## DATA SHOWN
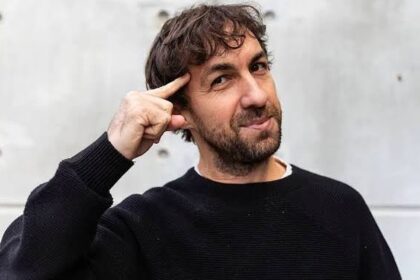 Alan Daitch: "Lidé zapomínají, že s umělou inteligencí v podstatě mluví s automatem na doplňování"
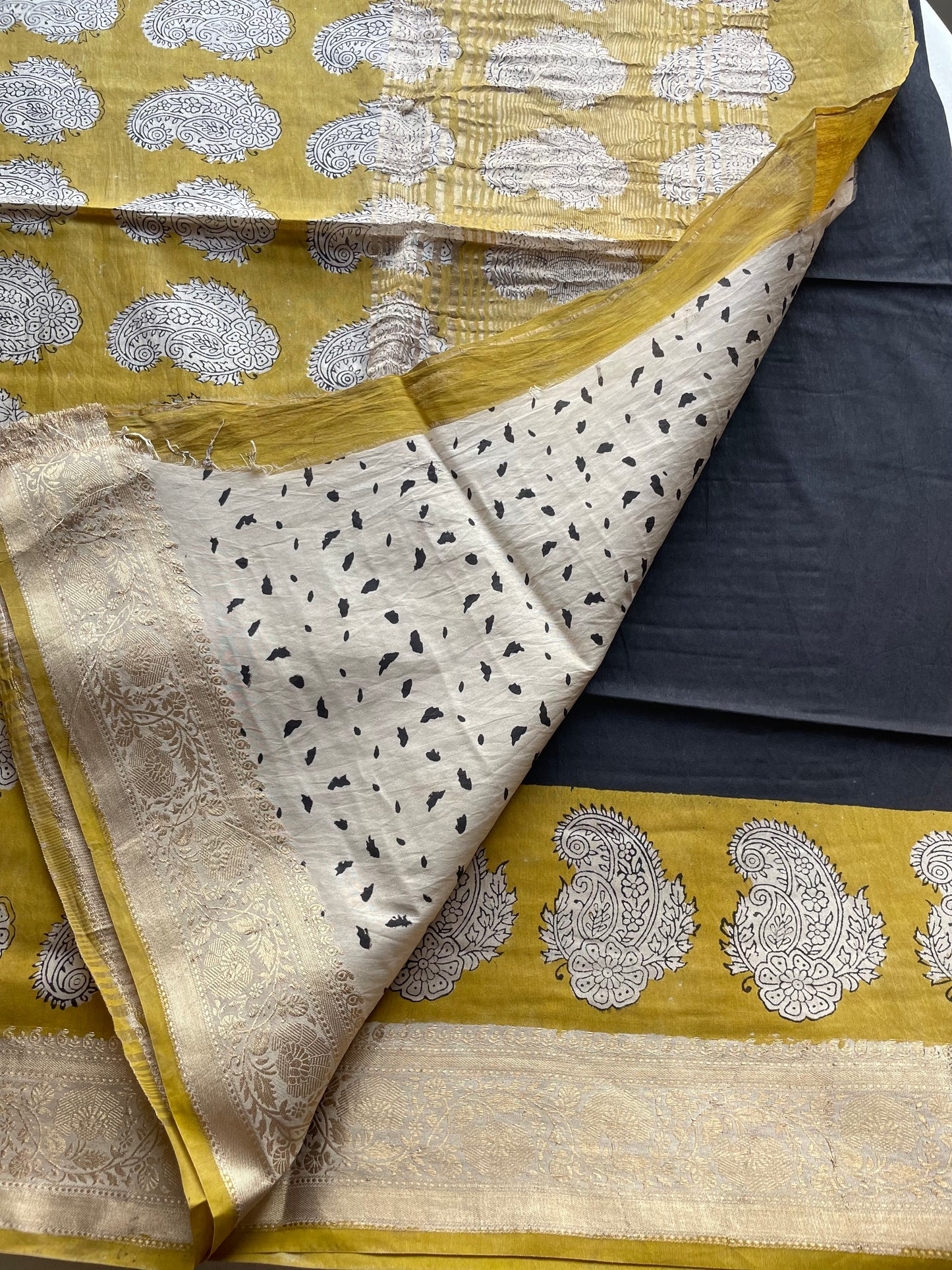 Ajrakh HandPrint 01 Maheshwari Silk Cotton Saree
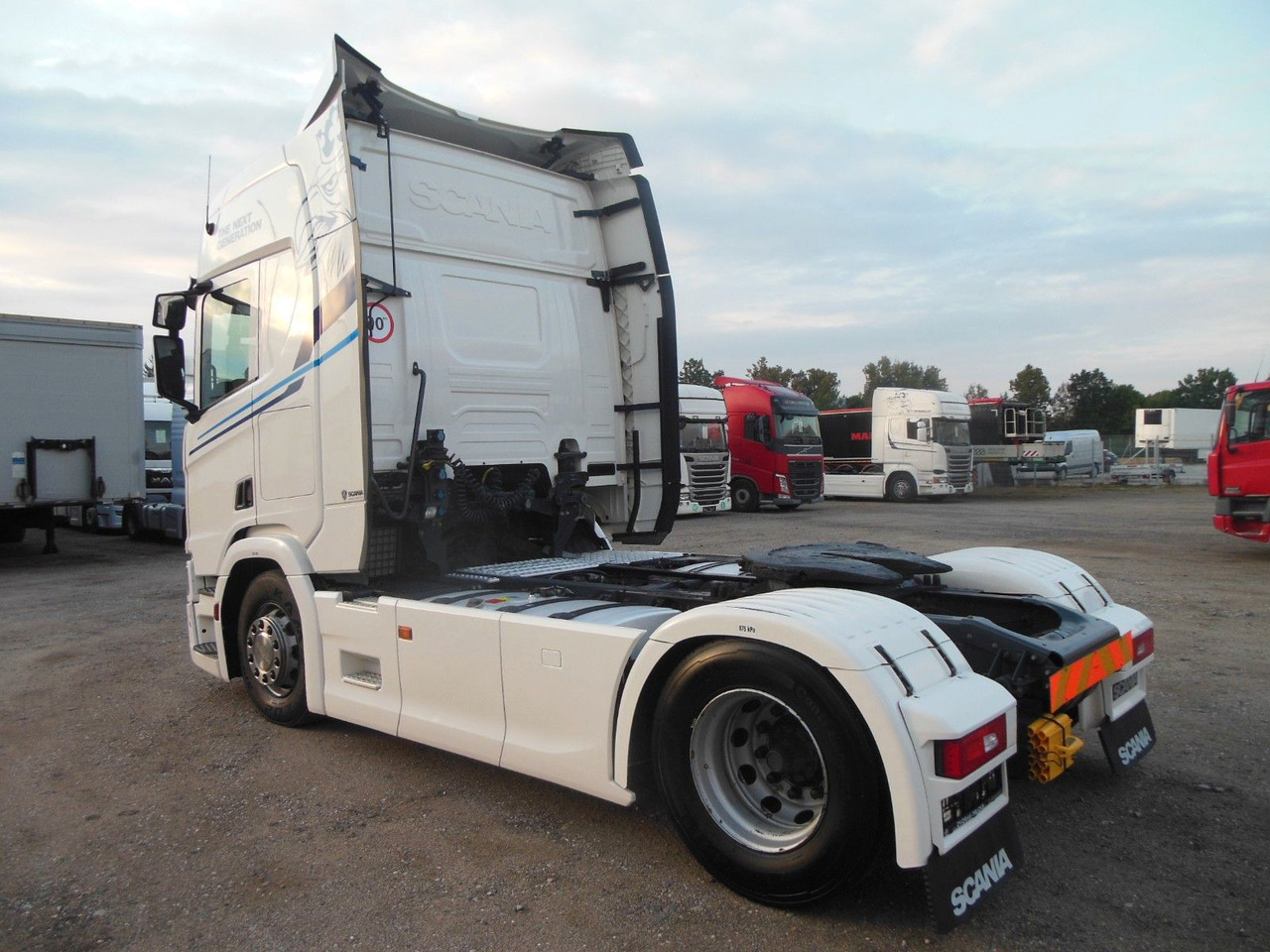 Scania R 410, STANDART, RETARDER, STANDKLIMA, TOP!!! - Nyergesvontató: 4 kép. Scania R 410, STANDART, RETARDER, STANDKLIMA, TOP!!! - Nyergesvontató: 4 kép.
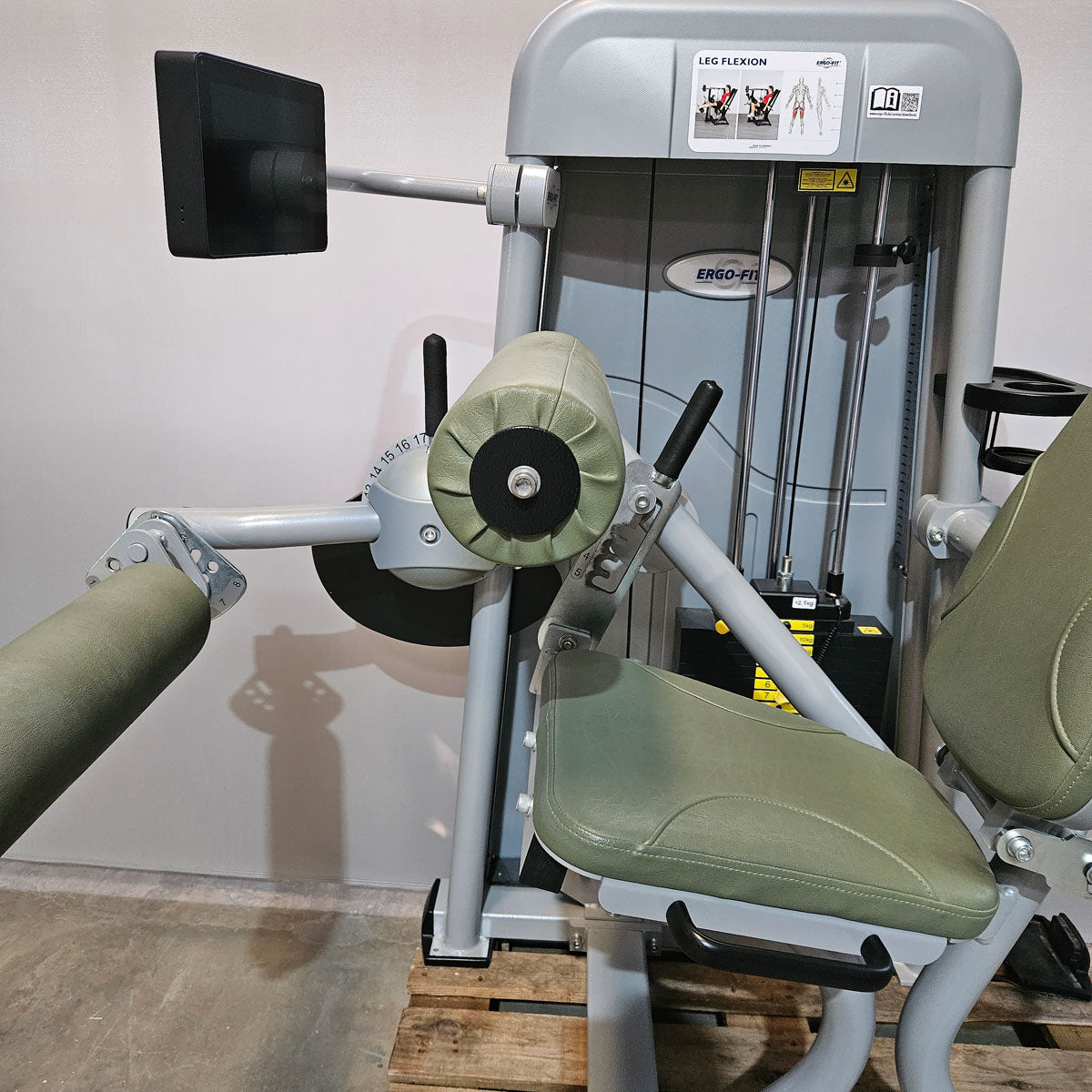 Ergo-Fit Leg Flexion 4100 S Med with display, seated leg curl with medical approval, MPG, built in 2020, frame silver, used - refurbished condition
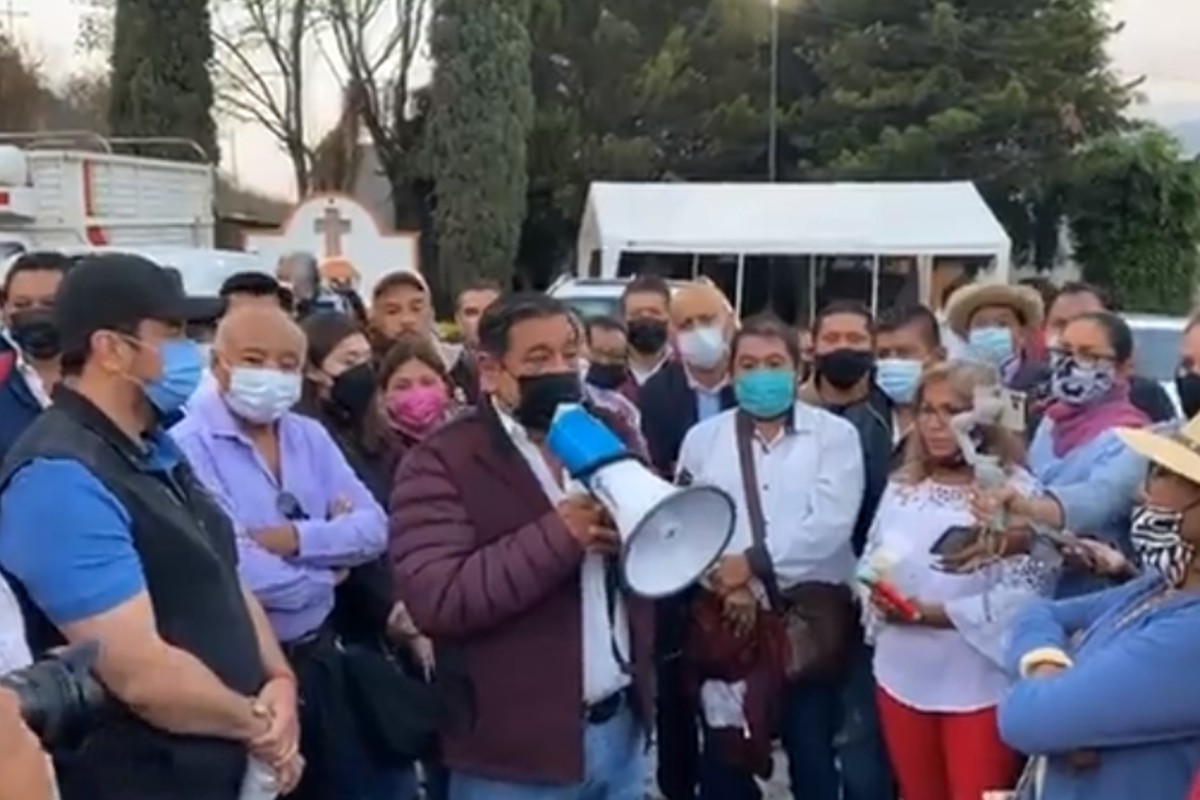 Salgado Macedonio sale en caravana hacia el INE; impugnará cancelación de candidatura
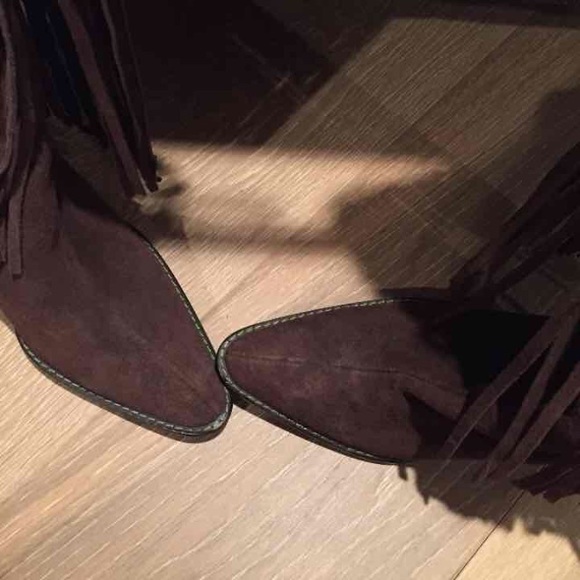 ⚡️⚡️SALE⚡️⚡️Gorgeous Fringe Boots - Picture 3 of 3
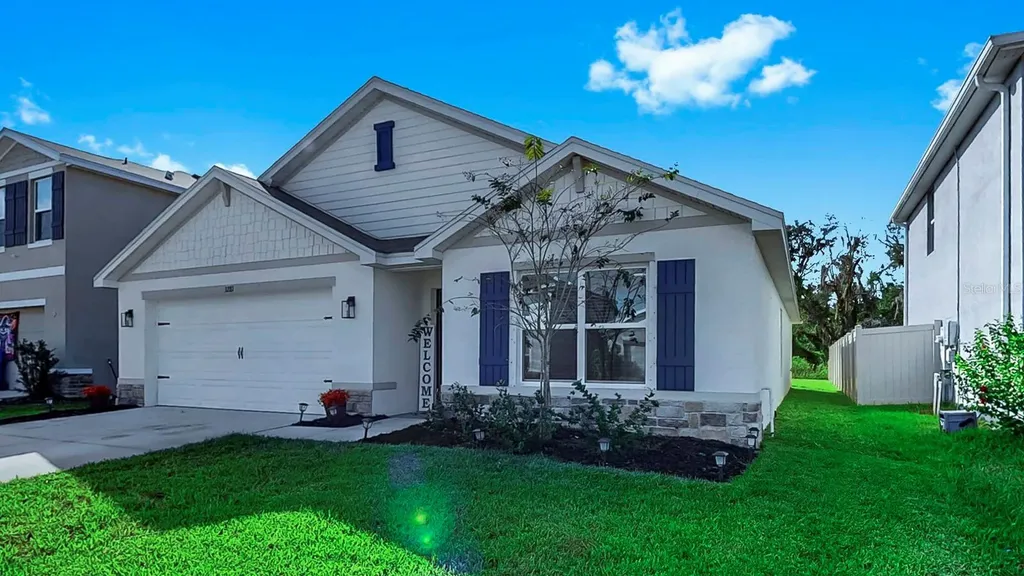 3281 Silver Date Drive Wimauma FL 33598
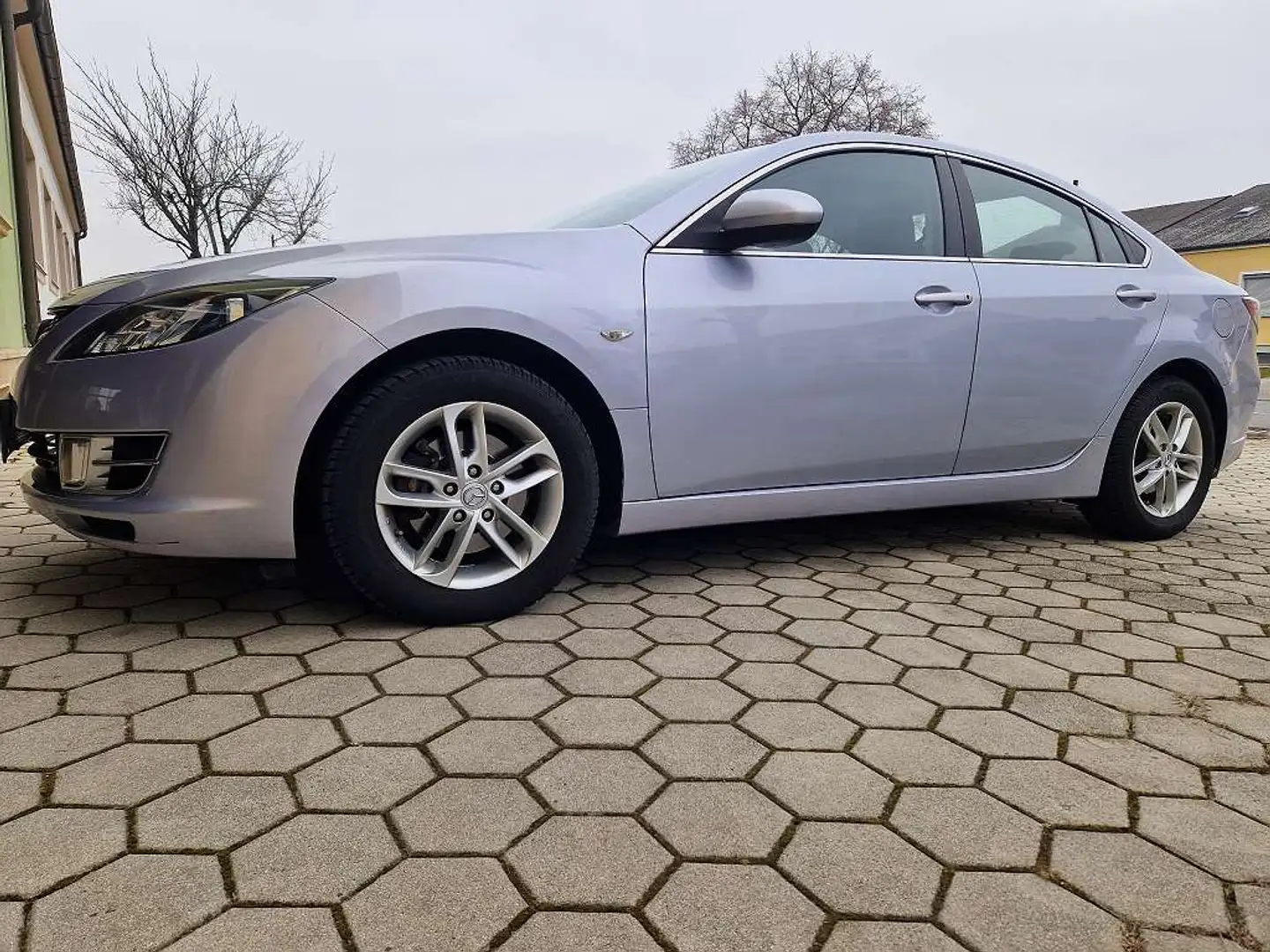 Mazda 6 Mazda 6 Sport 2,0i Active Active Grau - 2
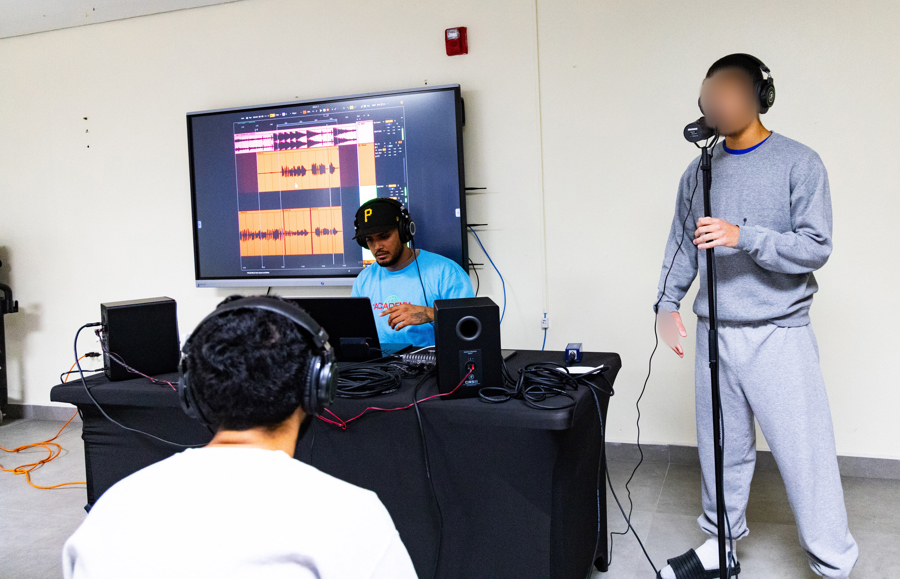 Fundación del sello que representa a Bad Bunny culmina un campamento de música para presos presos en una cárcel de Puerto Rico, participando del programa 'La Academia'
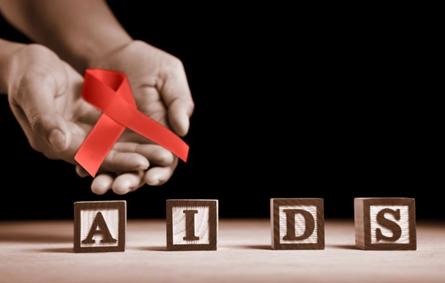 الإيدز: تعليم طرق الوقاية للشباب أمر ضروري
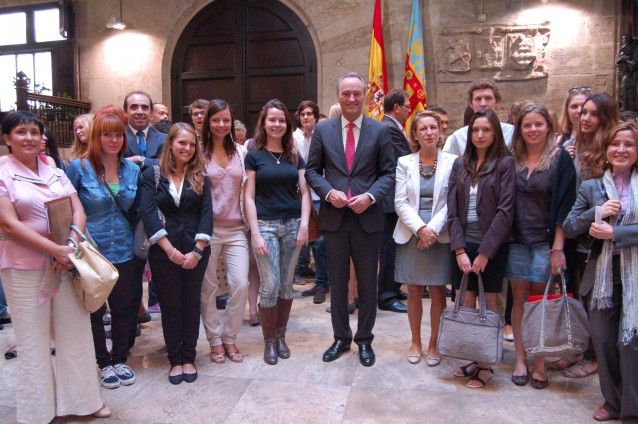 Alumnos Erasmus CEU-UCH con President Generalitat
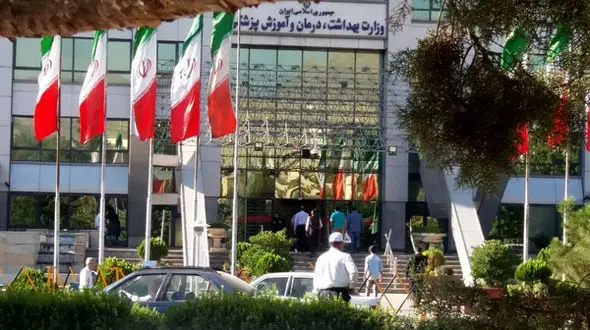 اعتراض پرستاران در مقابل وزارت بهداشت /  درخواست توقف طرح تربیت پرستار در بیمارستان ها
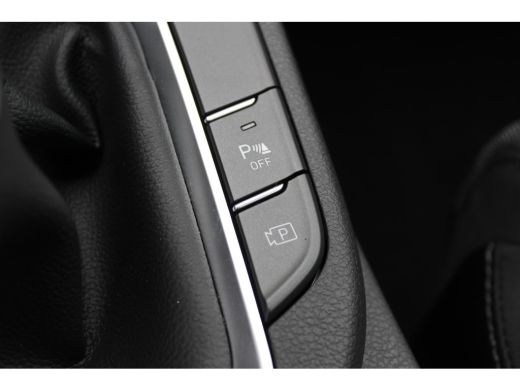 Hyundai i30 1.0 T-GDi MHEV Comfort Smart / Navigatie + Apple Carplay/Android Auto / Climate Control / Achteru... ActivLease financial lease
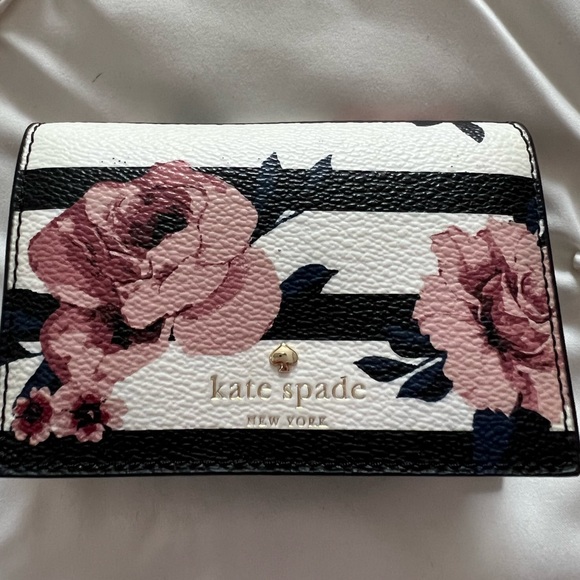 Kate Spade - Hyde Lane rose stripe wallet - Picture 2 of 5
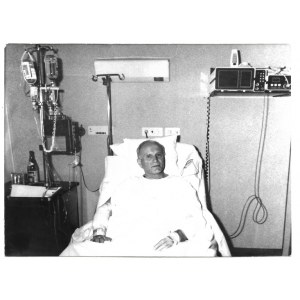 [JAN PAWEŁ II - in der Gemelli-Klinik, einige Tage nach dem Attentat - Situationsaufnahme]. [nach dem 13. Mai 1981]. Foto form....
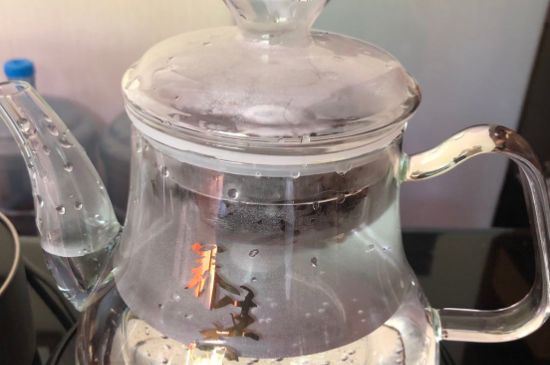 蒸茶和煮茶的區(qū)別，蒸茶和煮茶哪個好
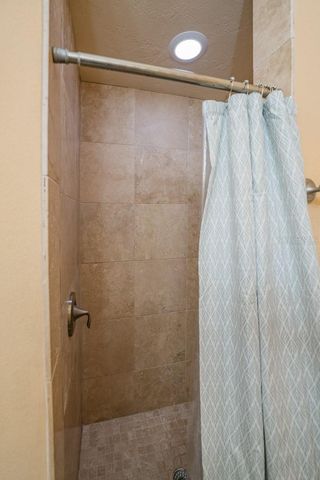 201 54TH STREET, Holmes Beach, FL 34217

## WORK INSTRUCTIONS
Where pictures sit among the data above, omit them, and output the rest exactly.

## OUTPUT FOR THIS EXERCISE
 Alan Daitch: "Lidé zapomínají, že s umělou inteligencí v podstatě mluví s automatem na doplňování"
 Ajrakh HandPrint 01 Maheshwari Silk Cotton Saree
 Scania R 410, STANDART, RETARDER, STANDKLIMA, TOP!!! - Nyergesvontató: 4 kép. Scania R 410, STANDART, RETARDER, STANDKLIMA, TOP!!! - Nyergesvontató: 4 kép.
 Ergo-Fit Leg Flexion 4100 S Med with display, seated leg curl with medical approval, MPG, built in 2020, frame silver, used - refurbished condition
 Salgado Macedonio sale en caravana hacia el INE; impugnará cancelación de candidatura
 ⚡️⚡️SALE⚡️⚡️Gorgeous Fringe Boots - Picture 3 of 3
 3281 Silver Date Drive Wimauma FL 33598
 Mazda 6 Mazda 6 Sport 2,0i Active Active Grau - 2
 Fundación del sello que representa a Bad Bunny culmina un campamento de música para presos presos en una cárcel de Puerto Rico, participando del programa 'La Academia'
 الإيدز: تعليم طرق الوقاية للشباب أمر ضروري
 Alumnos Erasmus CEU-UCH con President Generalitat
 اعتراض پرستاران در مقابل وزارت بهداشت /  درخواست توقف طرح تربیت پرستار در بیمارستان ها
 Hyundai i30 1.0 T-GDi MHEV Comfort Smart / Navigatie + Apple Carplay/Android Auto / Climate Control / Achteru... ActivLease financial lease
 Kate Spade - Hyde Lane rose stripe wallet - Picture 2 of 5
 [JAN PAWEŁ II - in der Gemelli-Klinik, einige Tage nach dem Attentat - Situationsaufnahme]. [nach dem 13. Mai 1981]. Foto form....
 蒸茶和煮茶的區(qū)別，蒸茶和煮茶哪個好
 201 54TH STREET, Holmes Beach, FL 34217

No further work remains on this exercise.